__WHAT YOU ARE ASKED TO DO__
What is needed is a word-for-word copy of the lines below from the one with "59FIFTY MLB Logo" through the one with "Кроссовки/кеды Nike dunk оригинал", both included, with every picture left out.

__DATASET RECORDS__

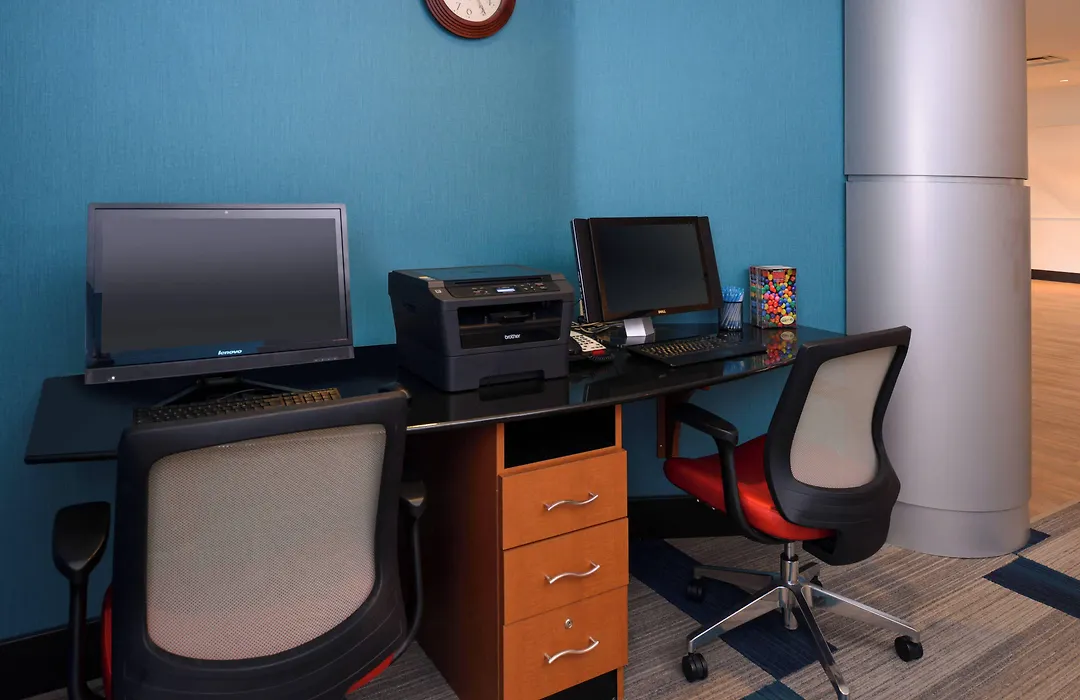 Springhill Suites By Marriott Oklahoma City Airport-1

...

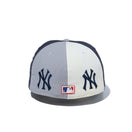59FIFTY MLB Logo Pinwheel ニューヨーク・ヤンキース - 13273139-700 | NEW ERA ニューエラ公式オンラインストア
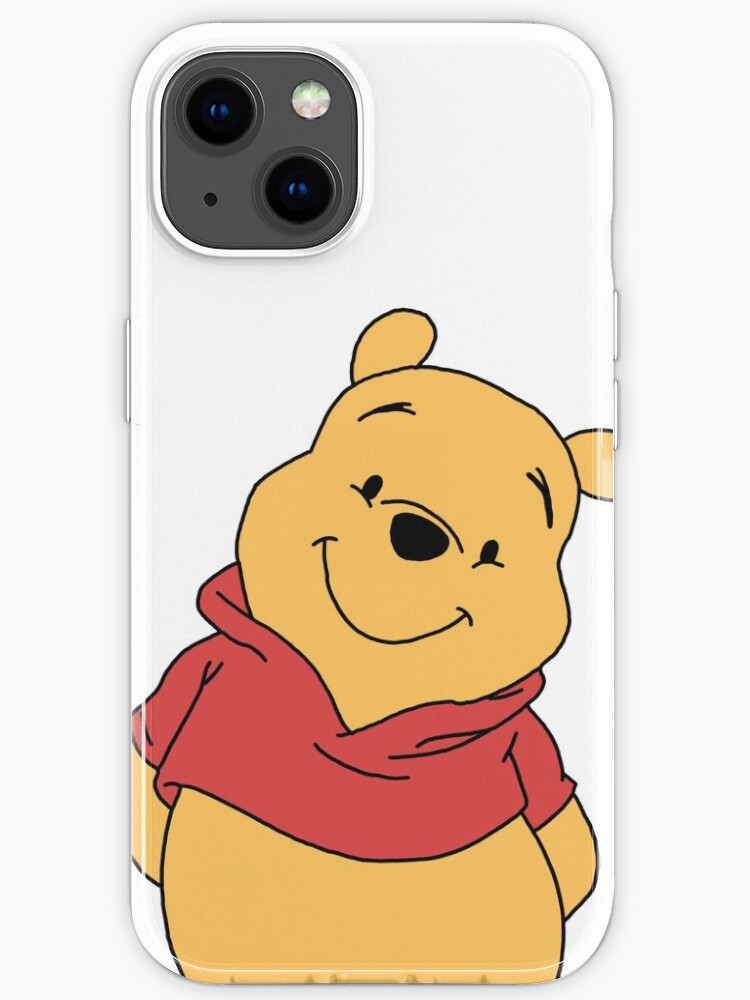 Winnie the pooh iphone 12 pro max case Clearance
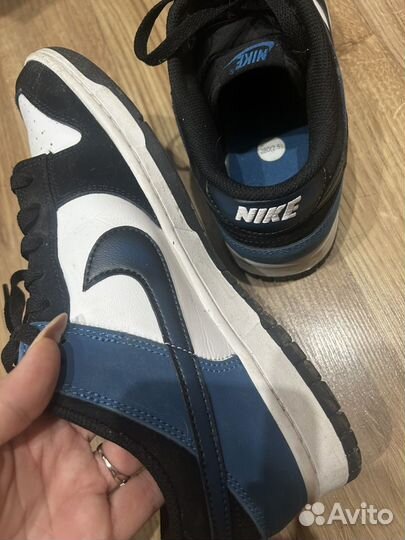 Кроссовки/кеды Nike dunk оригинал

__SOLUTION__
59FIFTY MLB Logo Pinwheel ニューヨーク・ヤンキース - 13273139-700 | NEW ERA ニューエラ公式オンラインストア
 Winnie the pooh iphone 12 pro max case Clearance
 Кроссовки/кеды Nike dunk оригинал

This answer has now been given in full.